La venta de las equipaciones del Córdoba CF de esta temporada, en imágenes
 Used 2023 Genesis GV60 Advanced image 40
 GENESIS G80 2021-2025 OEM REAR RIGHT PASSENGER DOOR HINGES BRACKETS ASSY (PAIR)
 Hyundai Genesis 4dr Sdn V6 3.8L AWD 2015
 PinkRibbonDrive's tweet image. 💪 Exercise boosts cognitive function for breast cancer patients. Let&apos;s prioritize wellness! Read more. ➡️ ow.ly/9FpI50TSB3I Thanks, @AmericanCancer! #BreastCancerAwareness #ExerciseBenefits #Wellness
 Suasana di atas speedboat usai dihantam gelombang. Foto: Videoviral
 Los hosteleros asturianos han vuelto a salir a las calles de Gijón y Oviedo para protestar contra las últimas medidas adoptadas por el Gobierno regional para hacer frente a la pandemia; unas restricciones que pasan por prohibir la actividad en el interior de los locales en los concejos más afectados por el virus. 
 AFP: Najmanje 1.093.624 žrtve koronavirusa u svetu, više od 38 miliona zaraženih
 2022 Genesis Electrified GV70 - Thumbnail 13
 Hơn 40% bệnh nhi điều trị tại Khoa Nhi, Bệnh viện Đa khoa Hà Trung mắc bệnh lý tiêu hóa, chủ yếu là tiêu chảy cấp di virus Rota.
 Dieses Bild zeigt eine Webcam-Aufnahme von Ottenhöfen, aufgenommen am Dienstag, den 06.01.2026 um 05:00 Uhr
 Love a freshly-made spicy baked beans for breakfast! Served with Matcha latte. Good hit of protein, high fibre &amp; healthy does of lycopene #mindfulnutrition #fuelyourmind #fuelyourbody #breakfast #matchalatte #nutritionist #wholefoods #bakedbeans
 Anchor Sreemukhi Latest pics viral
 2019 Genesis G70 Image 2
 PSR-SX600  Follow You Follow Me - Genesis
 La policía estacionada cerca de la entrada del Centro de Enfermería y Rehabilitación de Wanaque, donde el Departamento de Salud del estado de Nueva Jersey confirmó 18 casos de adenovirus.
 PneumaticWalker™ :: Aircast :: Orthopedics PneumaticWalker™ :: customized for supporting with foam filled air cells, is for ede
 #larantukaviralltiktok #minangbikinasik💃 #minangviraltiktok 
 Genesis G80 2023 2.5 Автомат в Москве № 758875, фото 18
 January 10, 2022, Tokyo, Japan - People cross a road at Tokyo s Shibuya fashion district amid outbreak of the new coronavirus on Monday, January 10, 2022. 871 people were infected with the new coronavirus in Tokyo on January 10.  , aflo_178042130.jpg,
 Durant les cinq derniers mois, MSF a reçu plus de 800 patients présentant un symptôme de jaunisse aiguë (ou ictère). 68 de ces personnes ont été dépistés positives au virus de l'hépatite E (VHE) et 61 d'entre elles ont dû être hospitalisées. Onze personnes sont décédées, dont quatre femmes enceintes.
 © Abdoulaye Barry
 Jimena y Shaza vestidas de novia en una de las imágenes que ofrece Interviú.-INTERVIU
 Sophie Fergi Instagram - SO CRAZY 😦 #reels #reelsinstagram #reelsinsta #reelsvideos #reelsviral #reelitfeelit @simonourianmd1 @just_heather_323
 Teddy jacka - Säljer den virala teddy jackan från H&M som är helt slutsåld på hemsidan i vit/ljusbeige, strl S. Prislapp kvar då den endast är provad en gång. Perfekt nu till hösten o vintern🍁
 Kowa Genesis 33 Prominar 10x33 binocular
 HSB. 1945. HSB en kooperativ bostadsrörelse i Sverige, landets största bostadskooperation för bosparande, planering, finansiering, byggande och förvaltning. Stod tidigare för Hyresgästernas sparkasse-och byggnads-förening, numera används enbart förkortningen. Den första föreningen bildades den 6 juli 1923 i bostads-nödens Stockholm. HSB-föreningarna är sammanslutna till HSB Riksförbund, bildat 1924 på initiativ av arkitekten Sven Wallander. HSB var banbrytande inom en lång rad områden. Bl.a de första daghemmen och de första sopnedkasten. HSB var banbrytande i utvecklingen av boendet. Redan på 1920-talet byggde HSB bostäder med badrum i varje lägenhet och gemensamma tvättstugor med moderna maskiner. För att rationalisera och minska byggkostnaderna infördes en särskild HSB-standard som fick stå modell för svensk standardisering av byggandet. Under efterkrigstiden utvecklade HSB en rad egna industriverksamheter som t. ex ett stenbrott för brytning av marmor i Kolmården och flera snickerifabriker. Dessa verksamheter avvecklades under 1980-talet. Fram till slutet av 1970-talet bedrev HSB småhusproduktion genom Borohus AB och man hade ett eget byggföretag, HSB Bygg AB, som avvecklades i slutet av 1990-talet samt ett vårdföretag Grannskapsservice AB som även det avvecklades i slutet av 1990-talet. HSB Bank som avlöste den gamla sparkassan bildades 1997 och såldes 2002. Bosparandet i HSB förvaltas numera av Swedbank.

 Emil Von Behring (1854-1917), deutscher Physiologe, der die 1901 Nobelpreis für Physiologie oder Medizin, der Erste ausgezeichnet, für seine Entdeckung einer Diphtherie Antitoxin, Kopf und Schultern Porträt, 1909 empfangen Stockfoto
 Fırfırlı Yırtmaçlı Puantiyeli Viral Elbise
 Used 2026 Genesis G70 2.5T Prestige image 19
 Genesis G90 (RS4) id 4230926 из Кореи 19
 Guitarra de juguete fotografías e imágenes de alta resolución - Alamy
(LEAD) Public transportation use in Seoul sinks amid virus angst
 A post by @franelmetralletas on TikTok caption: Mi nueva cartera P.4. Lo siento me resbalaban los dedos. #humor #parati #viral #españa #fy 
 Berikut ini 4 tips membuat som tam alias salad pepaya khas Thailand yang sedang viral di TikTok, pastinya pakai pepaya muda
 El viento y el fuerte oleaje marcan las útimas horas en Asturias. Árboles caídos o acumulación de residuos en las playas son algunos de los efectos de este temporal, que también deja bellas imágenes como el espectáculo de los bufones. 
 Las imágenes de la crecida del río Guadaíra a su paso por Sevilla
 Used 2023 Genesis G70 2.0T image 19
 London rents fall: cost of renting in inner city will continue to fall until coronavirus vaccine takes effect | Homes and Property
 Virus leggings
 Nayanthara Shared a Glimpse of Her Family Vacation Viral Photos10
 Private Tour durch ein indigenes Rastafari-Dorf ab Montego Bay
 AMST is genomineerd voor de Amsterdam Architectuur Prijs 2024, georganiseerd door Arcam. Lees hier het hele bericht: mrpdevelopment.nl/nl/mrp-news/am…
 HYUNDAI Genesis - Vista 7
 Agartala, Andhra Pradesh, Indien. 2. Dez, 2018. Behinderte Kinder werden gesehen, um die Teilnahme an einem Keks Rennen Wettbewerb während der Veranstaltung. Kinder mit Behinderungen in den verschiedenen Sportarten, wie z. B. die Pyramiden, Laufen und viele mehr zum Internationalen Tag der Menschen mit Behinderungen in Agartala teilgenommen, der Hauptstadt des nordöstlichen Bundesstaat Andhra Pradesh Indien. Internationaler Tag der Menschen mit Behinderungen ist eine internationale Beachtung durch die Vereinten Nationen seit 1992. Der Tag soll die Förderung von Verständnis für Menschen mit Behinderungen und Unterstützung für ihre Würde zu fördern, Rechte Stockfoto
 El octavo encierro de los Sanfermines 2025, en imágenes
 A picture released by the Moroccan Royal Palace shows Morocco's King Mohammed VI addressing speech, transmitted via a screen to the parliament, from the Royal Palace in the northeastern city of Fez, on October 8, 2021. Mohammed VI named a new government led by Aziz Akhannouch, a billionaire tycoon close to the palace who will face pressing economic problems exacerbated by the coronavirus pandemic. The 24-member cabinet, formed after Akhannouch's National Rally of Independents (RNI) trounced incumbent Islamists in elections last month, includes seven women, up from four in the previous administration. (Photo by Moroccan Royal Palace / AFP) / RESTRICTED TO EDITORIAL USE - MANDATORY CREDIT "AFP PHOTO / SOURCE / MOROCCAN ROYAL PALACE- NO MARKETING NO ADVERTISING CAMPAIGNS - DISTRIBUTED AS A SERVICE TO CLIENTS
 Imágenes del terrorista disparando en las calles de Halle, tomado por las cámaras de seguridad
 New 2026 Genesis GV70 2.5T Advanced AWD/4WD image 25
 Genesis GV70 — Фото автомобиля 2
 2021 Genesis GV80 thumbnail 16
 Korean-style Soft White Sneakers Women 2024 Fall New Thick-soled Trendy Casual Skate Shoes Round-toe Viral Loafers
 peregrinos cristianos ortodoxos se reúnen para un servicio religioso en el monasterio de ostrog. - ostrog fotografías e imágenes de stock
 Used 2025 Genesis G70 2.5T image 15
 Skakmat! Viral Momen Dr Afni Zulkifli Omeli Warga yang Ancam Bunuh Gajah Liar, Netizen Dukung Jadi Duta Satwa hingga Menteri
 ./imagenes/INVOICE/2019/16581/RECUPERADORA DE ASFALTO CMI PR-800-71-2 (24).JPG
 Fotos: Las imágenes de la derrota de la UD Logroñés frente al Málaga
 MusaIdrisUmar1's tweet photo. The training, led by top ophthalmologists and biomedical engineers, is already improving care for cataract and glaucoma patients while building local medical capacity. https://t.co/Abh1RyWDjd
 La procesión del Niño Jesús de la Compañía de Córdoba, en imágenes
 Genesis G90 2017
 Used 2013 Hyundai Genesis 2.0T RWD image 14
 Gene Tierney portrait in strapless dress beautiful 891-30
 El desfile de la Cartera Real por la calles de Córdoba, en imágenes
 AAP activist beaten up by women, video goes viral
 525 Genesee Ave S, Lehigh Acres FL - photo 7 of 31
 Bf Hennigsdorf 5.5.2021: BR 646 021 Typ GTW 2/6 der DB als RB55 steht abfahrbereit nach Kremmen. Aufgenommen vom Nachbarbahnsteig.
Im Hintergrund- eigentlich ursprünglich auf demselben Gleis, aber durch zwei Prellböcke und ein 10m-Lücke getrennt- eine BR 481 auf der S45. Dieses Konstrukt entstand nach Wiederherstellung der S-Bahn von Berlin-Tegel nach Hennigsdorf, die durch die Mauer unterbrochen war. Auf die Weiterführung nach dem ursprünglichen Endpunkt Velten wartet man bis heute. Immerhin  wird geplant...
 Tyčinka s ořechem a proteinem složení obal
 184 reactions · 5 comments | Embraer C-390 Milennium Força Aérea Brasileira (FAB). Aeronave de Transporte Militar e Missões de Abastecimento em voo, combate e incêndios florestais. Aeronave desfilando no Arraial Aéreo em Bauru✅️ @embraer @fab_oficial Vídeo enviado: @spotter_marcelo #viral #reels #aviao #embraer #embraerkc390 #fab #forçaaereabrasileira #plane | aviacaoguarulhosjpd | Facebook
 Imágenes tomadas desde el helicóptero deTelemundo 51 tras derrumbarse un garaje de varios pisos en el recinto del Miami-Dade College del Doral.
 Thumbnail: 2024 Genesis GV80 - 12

_ _ _ _ _

Brief — Could you please find every line of the listing above holding the string "Córdoba" and copy it?

Written response —
La venta de las equipaciones del Córdoba CF de esta temporada, en imágenes
 La procesión del Niño Jesús de la Compañía de Córdoba, en imágenes
 El desfile de la Cartera Real por la calles de Córdoba, en imágenes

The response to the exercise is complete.